Sejak awal 2012-13, pertandingan pertama Ward-Prowse di liga tertinggi Inggris, hanya Hakan Calhanoglu (14), Miralem Pjanic (15) dan Lionel Messi (33) yang mencetak lebih banyak gol langsung dari tendangan bebas. Namun, 12 golnya tercipta dari hanya 90 percobaan, memberinya tingkat konversi 13,3 persen, angka yang hanya dilampaui oleh Paulo Dybala (13,5 persen) di antara pemain yang telah mencetak setidaknya 10 gol selama waktu itu.

Repertoar Ward-Prowse, bagaimanapun, melampaui gol spektakuler: ia telah menciptakan 224 peluang dari situasi yang solid dalam 10 musim terakhir dan memberikan 19 assist, angka yang hanya dikalahkan oleh Calhanoglu dan Dani Parejo di liga tertinggi Eropa.

talenta muda

Dia menimbulkan ancaman besar segera setelah mereka memiliki tendangan bebas

Menjelang pertandingan Sabtu di pantai selatan Inggris, Guardiola sekali lagi memperhatikan ancaman yang ditimbulkan oleh pemain berusia 27 tahun itu. “Dia penendang bebas terbaik yang pernah saya lihat, saat ini di dunia,” katanya. “Tidak ada pemain yang lebih baik daripada Ward-Prowse.

“Dia sangat bagus sehingga kami mungkin sedikit kekurangan kualitas ini sebagai pemain sepak bola: seorang pria yang beradaptasi di posisi yang sama, pemain tim, kualitas hebat tanpa bola, dengan bola, memahami permainan. Tendangan bebas dan sepak pojoknya luar biasa. Kita perlu lebih memperhatikan.”

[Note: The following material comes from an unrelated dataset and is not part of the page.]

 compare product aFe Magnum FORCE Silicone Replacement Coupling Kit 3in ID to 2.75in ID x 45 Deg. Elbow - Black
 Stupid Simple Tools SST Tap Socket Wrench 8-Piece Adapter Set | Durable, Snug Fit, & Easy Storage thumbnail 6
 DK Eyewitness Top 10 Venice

Dengan mengalahkan Southampton di laga tandang di hari terakhir musim 2017-18, City memenangkan gelar Premier League pertama mereka di bawah asuhan Guardiola dan menjadi tim pertama di liga tertinggi Inggris yang meraih 100 poin dalam satu musim.

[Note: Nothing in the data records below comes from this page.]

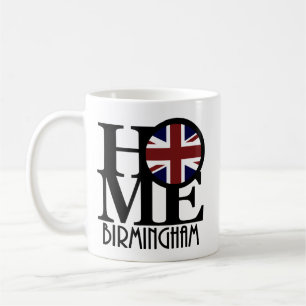 HOME Birmingham England 11oz Coffee Mug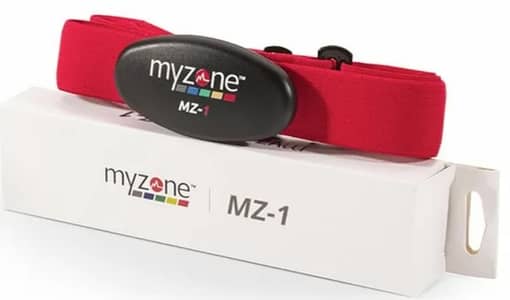 Myzone MZ-1 Heart Rate Monitor Fitness Belt – Perfect Condition Sellin
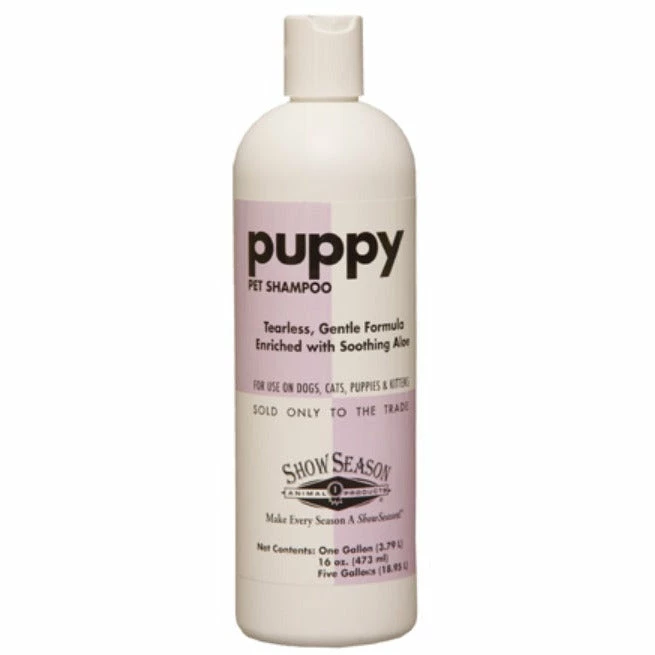 Show Season Puppy Shampoo-16oz 3 Show Season Puppy Shampoo-16oz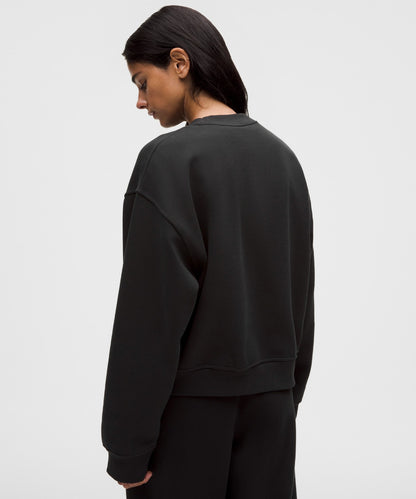 lululemon Women's Steady State Oversized Crew Sweatshirt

Kunjungan terakhir mereka memberi kesempatan untuk momen bersejarah lainnya, karena hasil imbang berarti Guardiola mencapai 500 poin sejak memimpin pada 2016. City telah mengumpulkan setidaknya 38 poin lebih banyak daripada tim lain mana pun dalam kompetisi selama waktu itu, dan 108 poin. lebih dari Manchester United.

City meraih 500 poin sejak Guardiola mengambil alih

Namun, ketika Guardiola ditanya tentang tonggak sejarah itu, dia berkata: “Saya tidak memikirkan ini ketika itu belum terjadi. Itu akan terjadi cepat atau lambat. Southampton. Kami bertarung di pertandingan pertama musim lalu ketika kami bermain di sana. Ketika kami bermain di kandang, kami menang, tetapi kami bertarung dalam aksi. Southampton adalah tim yang tangguh. Tim yang sangat tangguh.”

Guardiola, yang mengkonfirmasi bahwa Riyad Mahrez telah diberi libur seminggu setelah Aljazair meninggalkan Piala Afrika, telah melihat tim mereka membangun keunggulan 11 poin di puncak klasemen dengan satu pertandingan tersisa sampai Liga Premier mengambil dua poin. -istirahat minggu. Dia mengatakan tidak akan ada kamp pelatihan di Abu Dhabi selama jeda itu karena kekhawatiran tentang virus corona.

“Kami berbicara dengan klub dan tidak aman untuk keluar semua dengan virus,” katanya. “Sebaliknya, kami memutuskan bahwa setiap orang harus pergi sendiri bersama keluarga dan teman.”